One cold, blustery evening in the lead up to Christmas, in the beautiful Georgian city of Bath, a number of women, including myself, gathered in an underground bar, surrounded by glitter, tea lights and provocative underwear. Amongst many topics we discussed female empowerment, body image, artistic expression and why women take their clothes off for a living. Over cocktails we talked of plans to bring our conversation to the wider world and began to bond as we understood a bit more about ourselves, about each other and about the world we live in. However, men of the world need not worry we aren’t some strange man hating clan, making plans to take over the world, we are just a small all female theatre company developing a show called STRIP, which shines a spotlight on the TRUE stories of women working in the sex industry.

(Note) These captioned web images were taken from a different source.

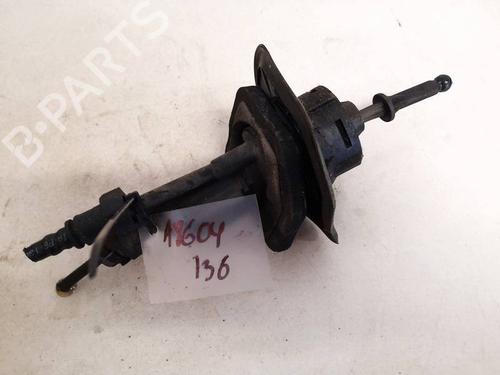 Used Clutch slave cylinder Clutch slave cylinder MAZDA 3 (BL) 1.6 MZ-CD (BL14) (109 hp) 35361262 35361262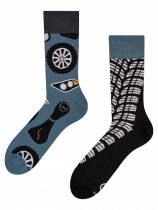 Driver - Socks Good Mood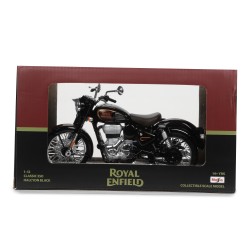 Royal Enfield Modell 1:12...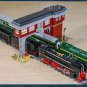 Mould King 12009 Train Signal Station (MOC) 1809 pcs Building Blocks Set *FREE Shipping*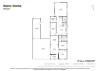 16 Glover Street, Belmont, NSW 2280-Floorplan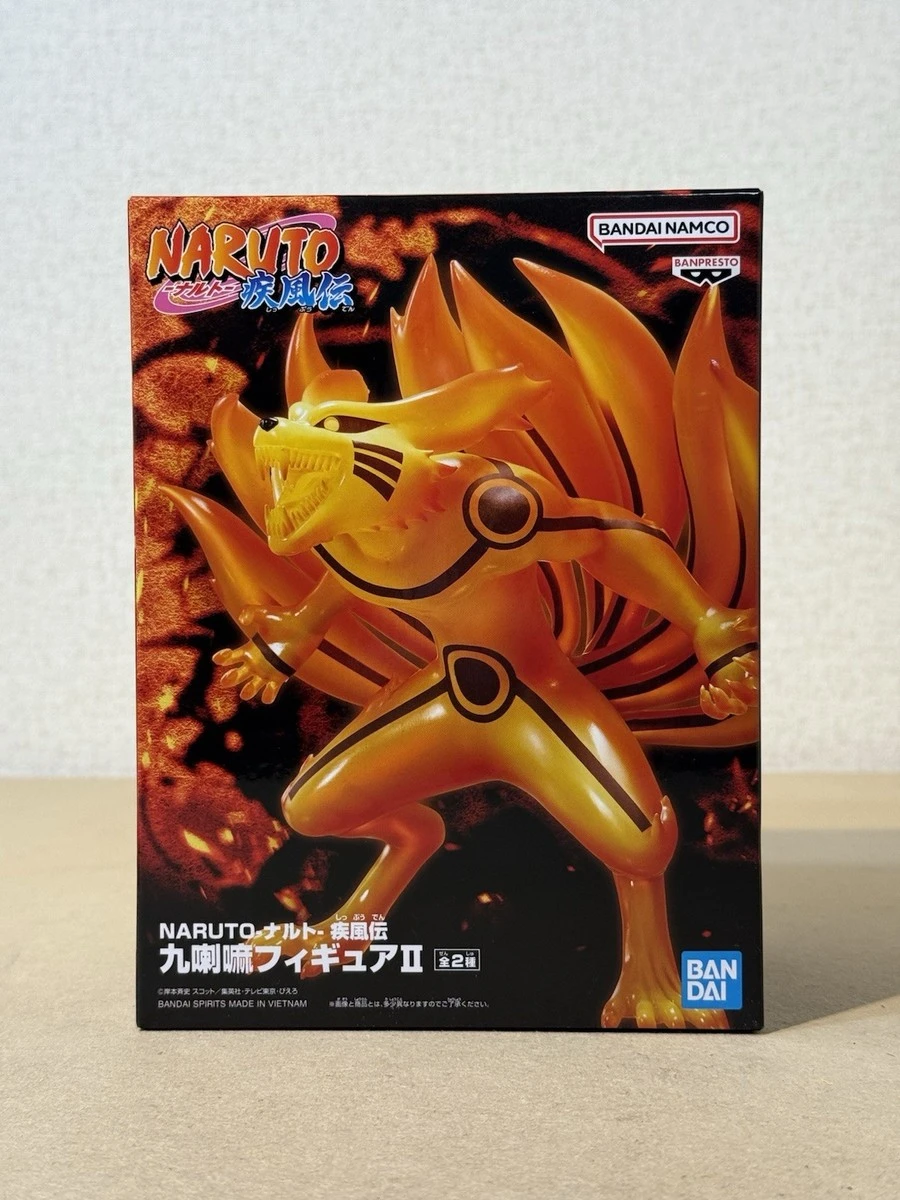 PRE VENTA - Kurama A
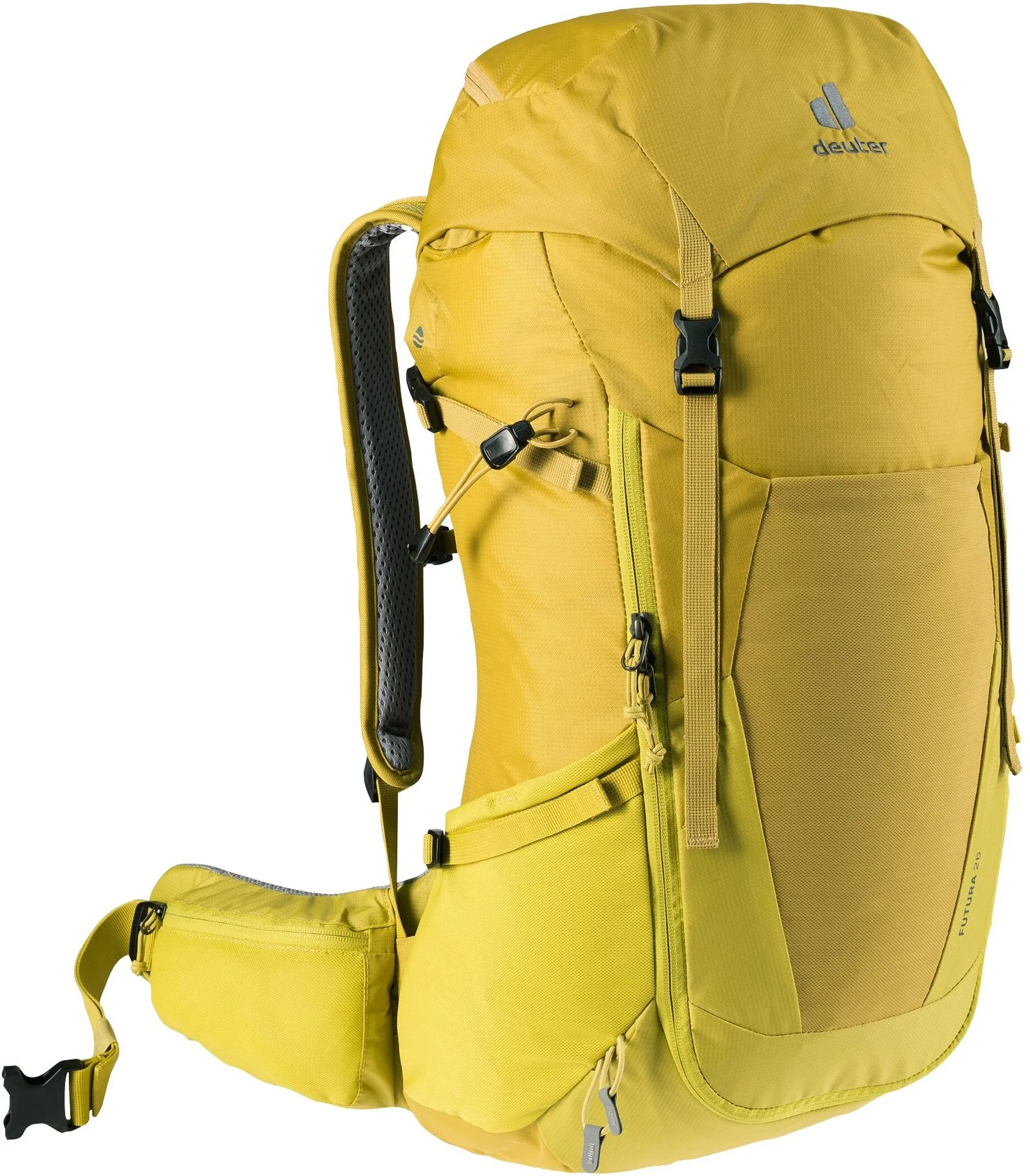 DEUTER Herren Wanderrucksack Futura 26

I am performing in STRIP, playing the role of a documentary film maker who meets with each of the women and interviews their very different stories, capturing their very different personalities. This is a verbatim piece of theatre, which means that the words spoken in the show come from the words that were spoken by the real people who have lived through the experiences described. Verbatim theatre can be difficult to perform as it is initially a little dry, people just telling their stories, not acting it out, which can take some getting used to, and it involves strong character driven work.
However, I was not daunted by this, it just made the initial discoveries more interesting, earlier in the year I played Anita, which involved a ten minute monologue describing her story, and it certainly wasn’t boring or dry. As the documentary maker (presenter) in STRIP, I have to be somewhat objective, particularly in the words I say. Which means anything that my character is thinking and feeling has to be shown in the subtext through subtle thoughts and mannerisms. As an actor this is a dream because I get to completely create this character, but it is tricky and it is taking a while to really understand who this character is. I interview four strippers and burlesque performers in the show and it hasn’t been until I have rehearsed with each one that I have begun to work out what my character feels about each of the women and why. Meeting each of them takes the journey out of her hands and by making the documentary her views are changed.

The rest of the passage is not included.